Here’s the address to send your clothes to (contact them or double check this page to ensure the address has not changed if you are sending in your clothing):
CircleBack @ The Renewal Workshop
180 NE HERMAN CREEK LN STE 101
CASCADE LOCKS OR 97014-6712
Eileen Fisher: The sustainable fashion designer has a take-back program to send your used Eileen Fisher pieces. Wearable pieces are cleaned and resold through EF’s Renew program and unwearable pieces are recycled into other products, like pillows through their Waste No More program.
Patagonia: Trade in your used Patagonia apparel and gear through the brand’s Worn Wear program in-store or through mail-in. In exchange, you’ll get credit for future Patagonia purchases.
For Days: Zero waste fashion brand For Days lets you endlessly swap items from their collection. Just order the new-to-you items you’d like and send back your old clothes to get recycled.

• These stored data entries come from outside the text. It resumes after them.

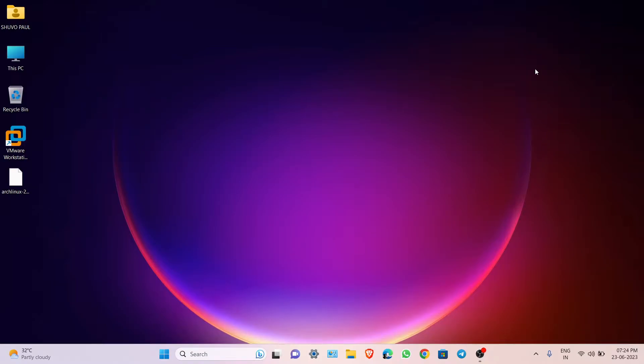Hello friends, welcome to my channel. In today's video, I am going to show you the full process of installing Arch Linux in a VMware machine. Without wasting time, let's start.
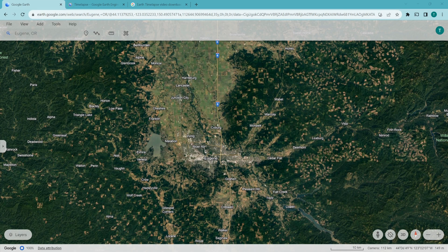Hi, I'm Tom Malini. I'm here today in Google Earth to demonstrate time-lapse.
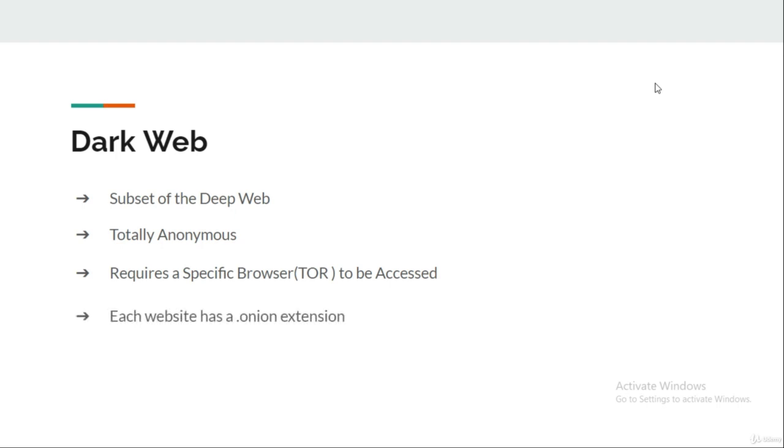On the surface web, you see many websites with different extensions like .com, .in, or .au. But all the websites which are indexed or listed on the Dark Web use the .onion extension, which separates them from the websites listed on the surface web.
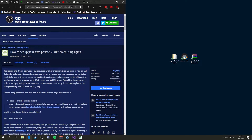Hello everybody, my name is KumiDanana and this is a video tutorial on how to set up your OBS to stream to multiple websites such as Facebook, Twitch, YouTube, even Mixer and Tamago using NGINX.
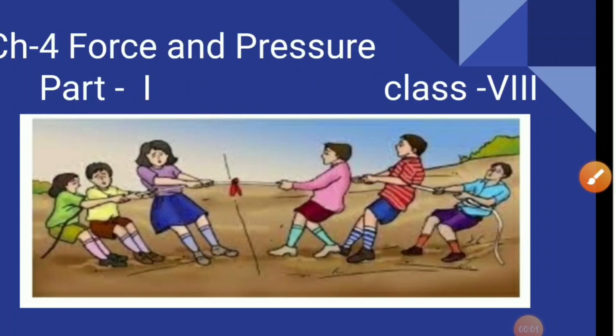Hello students, welcome to my channel Science Surfers. Today we are going to start a new chapter, Force and Pressure. This chapter is divided into two parts. In the first part we are going to study about force, and in the second part we will study about pressure.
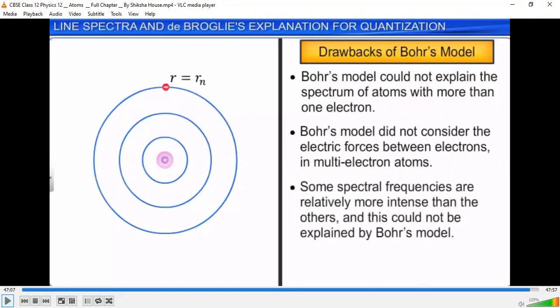The Bohr model could not explain the spectrum of multi-electron atoms — those are the drawbacks of Bohr's model. Bohr always discussed the hydrogen atom only, explaining only for one atom with one electron. The Bohr model did not consider the electric force for multi-electron atoms, and the spectral frequency intensity was also not explained properly. These are the drawbacks of Bohr's model of the hydrogen atom.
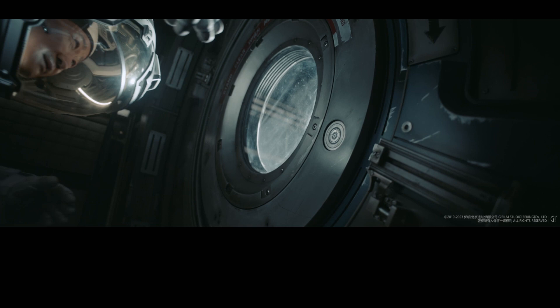Lieutenant Colonel Liu Peiqiang, please head to the hibernation chamber immediately.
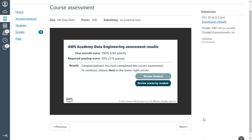This ends the data engineering assessment, and once this is done you can download your badge and your certificate. Thank you.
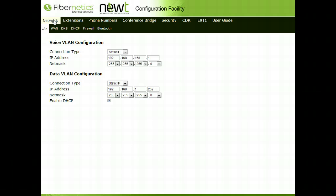This concludes the overview of the configuration facility. Please refer to additional tutorials that will go into more detail on each of these tabs and forms, or you can refer to the Admin Guide or the FBS Customer Portal for further documentation.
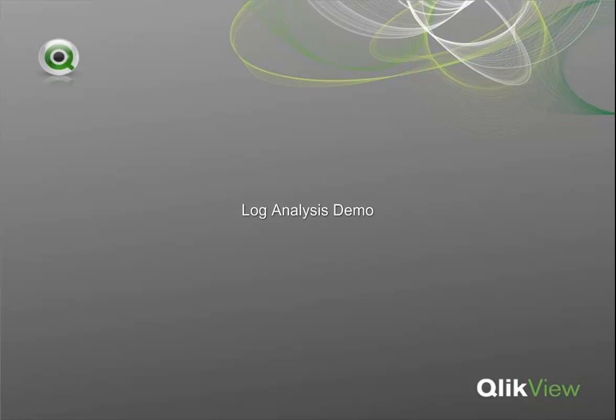Welcome to the Log Analysis demonstration. This demo is geared towards IT professionals and how they can use QlikView to analyze log files from their in-house servers and applications.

For Days also has a “Take Back Bag”, which is a way for their customers to send them their old clothing or textiles from any brand to be recycled responsibly! The bag (which measures 19×24) is $10 to cover the recycling and shipping costs.
Uniqlo: Recycle worn Uniqlo garments at any Uniqlo location. Wearable items are sent to refugees, disaster victims and others in need. Unwearable items are downcycled.
Arc’teryx: Trade in your pre-loved Arc’teryx items to be repaired, cleaned, and resold and in exchange, receive credit towards your next Arc’teryx purchase.
Coyuchi: Not fashion, but still textiles. You can send back your old Coyuchi bedding linens to be renewed, recycled, or upcycled and get 15% off your next order.
B2B Textile Recycling
FABCYCLE: A program where fashion designers, manufacturers, and brands in the US and Canada can recycle leftover fabric rolls and scraps. Designers and brands can also purchase excess fabric from FABCYCLE!
Other Miscellaneous Accessories
For Old Glasses: Goodwill has reported that they accept glasses. (New Eyes has in the past accepted used glasses donations via mail; they have paused the program due to COVID, but they may re-open it.)
For Athletic Shoes: Nike’s Reuse-A-Shoe Program recycles any brand of athletic shoes and repurposes them through Nike Grind. Just drop off your worn athletic shoes (not footwear like sandals or heels!) at a participating Nike retail store.
Textile Recycling in Canada
The North Face Stores: The North Face’s “Clothes the Loop” recycling program was such a success that they expanded it! You can now recycle old clothes or footwear from any brand at 18 different North Face stores in Canada (see locations here) and receive $10 off your next purchase of $100 or more.
Nike: Recycle any brand of athletic shoes at participating Nike stores in Canada through Nike’s Reuse-A-Shoe Program. Your shoes will be repurposed and transformed into new shoes through their Nike Grind initiative.
FABCYCLE: Designers, brands, and apparel manufacturers can recycle fabric scraps and leftover fabric rolls through FABCYCLE.
Textile Recycling in Europe
The North Face Stores (Germany only): Recycle any brand of footwear or apparel through The North Face’s “Clothes the Loop” program via drop-off locations at select retail locations in Germany in exchange for $10 off your next purchase of $100+. (See locations here.)
Levi’s Stores (UK): Levi’s reported that they expanded their clothing and footwear recycling program to the UK in 2016. I have not found any updates, but check out your nearby Levi’s store to see if they still have their recycling programs! In exchange, get 10% a regular-priced item at Levi’s.
Textile Recycling in Australia
Manrags: Eco sock brand Manrags has a recycling program that you can recycle old clothes or shoes from any brand with them (just no underwear or bras). You’ll have to pay a $25 fee but you get that $25 back in credit for Manrags.
TerraCycle Fabrics and Clothing Zero Waste Box: Recycle any of your old textiles — including worn-out clothing — with TerraCycle. Unfortunately, these boxes do come at a price. ($185 – $252 depending on the size box you select.)